Ce constat concerne la nature de l’avis qui est sollicité auprès du procureur général d’Etat dans le cadre de la nomination d’un magistrat de l’ordre judiciaire à une nouvelle fonction au sein des juridictions dudit ordre.

En effet, le procureur général ne se trouve ni dans la position d’un technicien devant assister l’administration sur un point technique, ni encore dans celle d’un organe consultatif devant aviser l’administration sur une question de qualification de faits au regard d’une norme applicable, mais il est appelé à éclairer l’autorité investie du pouvoir de nomination sur les titres et mérites des candidats à un poste à pourvoir. – Or, il va sans dire que les exigences quant au contenu de l’avis, de même que, par la force des choses, quant à l’énonciation de la motivation y afférente, varient en fonction de la matière concernée, des circonstances factuelles, de même que de la mission spécifique de l’organe consultatif.
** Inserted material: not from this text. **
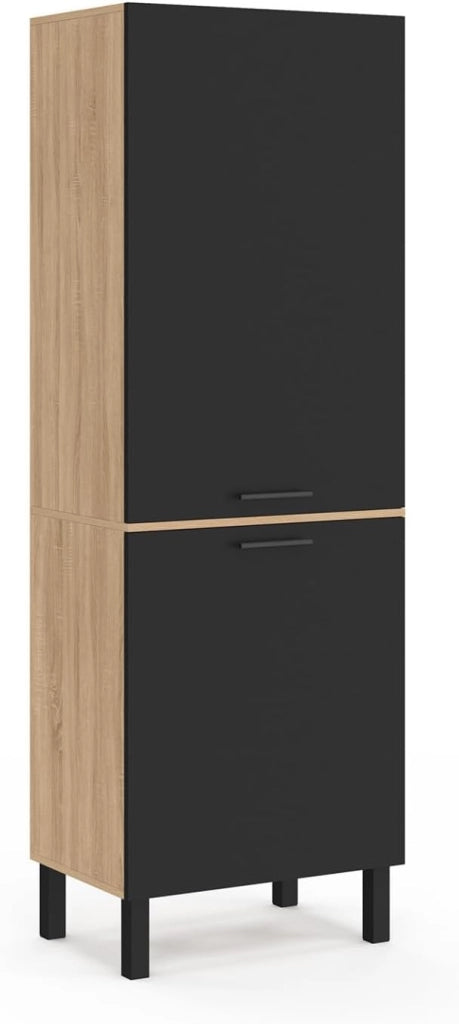 Cucina a 2 ante CINA 60 cm in faggio e nero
Il s’ensuit que l’obligation de motivation du procureur général, notamment au regard de l’article 4 du règlement grand-ducal précité du 8 juin 1979, si elle est patente, est donc également fonction du cadre dans lequel l’avis du procureur général d’Etat s’insère, ce cadre limitant aussi nécessairement l’étendue de la motivation formelle.
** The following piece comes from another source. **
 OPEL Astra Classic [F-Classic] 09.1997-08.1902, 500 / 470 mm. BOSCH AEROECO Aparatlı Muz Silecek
Ainsi, si le procureur général, dans son avis, doit incontestablement dresser un tableau objectif, clair et précis des qualités professionnelles et scientifiques des différents postulants, afin que l’autorité investie du pouvoir de nomination puisse pleinement exercer son pouvoir d’appréciation et choisir le candidat qu’elle considère comme étant le plus apte à assurer la fonction qu’elle entend lui confier, il n’en reste pas moins qu’au-delà de ces éléments objectifs, l’avis du procureur général implique, de façon additionnelle et indissociable, des considérations subjectives dans la mesure où il est en outre appelé à procéder à une appréciation de la valeur de chaque candidat, laquelle peut l’amener à retenir une préférence pour un candidat déterminé. Or, force est de constater que pareilles composantes subjectives sont sinon ineffables alors du moins difficilement exprimables. – Il convient encore d’ajouter que s’il est incontestable qu’une motivation qui est concentrée sur des considérations subjectives, qui ne sont pas étayées par des éléments objectifs, a une valeur amoindrie pour guider l’autorité qui est appelée à prendre la décision, il n’en reste pas moins que la valeur intrinsèque de l’avis ne lui enlève pas la qualité d’avis tel qu’il est envisagé par la loi.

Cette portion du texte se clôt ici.